Seven kilometers from Stemnitsa, down by the ravine of the river Lousios one can find the monastery of St. John the Baptist (Prodromos) built, according to some sources, around 1167, on the side of a rock face. It served as a center of faith and education for the enslaved Greeks during the Ottoman rule. About 200 yards below the monastery, is the river Lousios. Near the monastery are the excavations of an ancient hospital built in honor of the ancient Greek god of medicine, Asclepius.

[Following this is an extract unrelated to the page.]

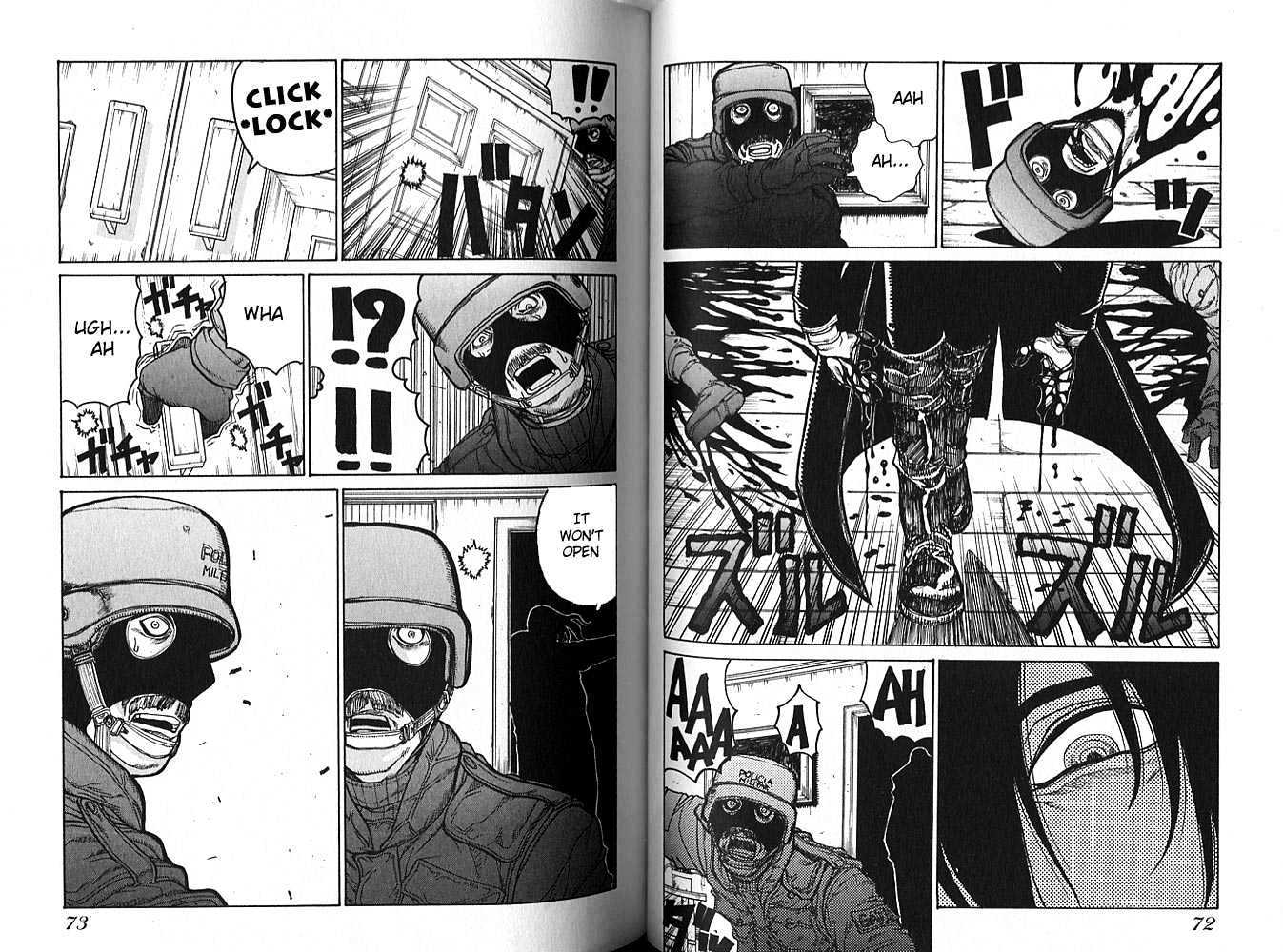 Hellsing Chapter 15 #12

The library of Stemnitsa used to have around 5,000 volumes until the Greek War of Independence of 1821. It is now a monument and is located next to the square.

==Population history==

| Year | Village population | Community population |
|---|---|---|
| 16th century | 925 | - |
| 1981 | 404 | - |
| 1991 | - | 495 |
| 2001 | 412 | 437 |
| 2011 | 191 | 191 |
| 2021 | 312 | 319 |

==People==

- Elias Gyftopoulos, Ford Professor Emeritus of Nuclear Engineering and Mechanical Engineering, MIT.
- Gennaios Kolokotronis (1803-1868), Prime Minister of Greece.
- Georgios Roilos (1867-1928), famous painter, among the first to introduce impressionism into Greek painting, Professor at the University of Athens (a teacher and mentor of Giorgio de Chirico).
- Antonis Samaras, Prime Minister of Greece; President of the political party "New Democracy;" former minister of foreign affairs.
- Dimitrios Thanopoulos, silver medal in Greco-Roman wrestling at the 1984 Olympics.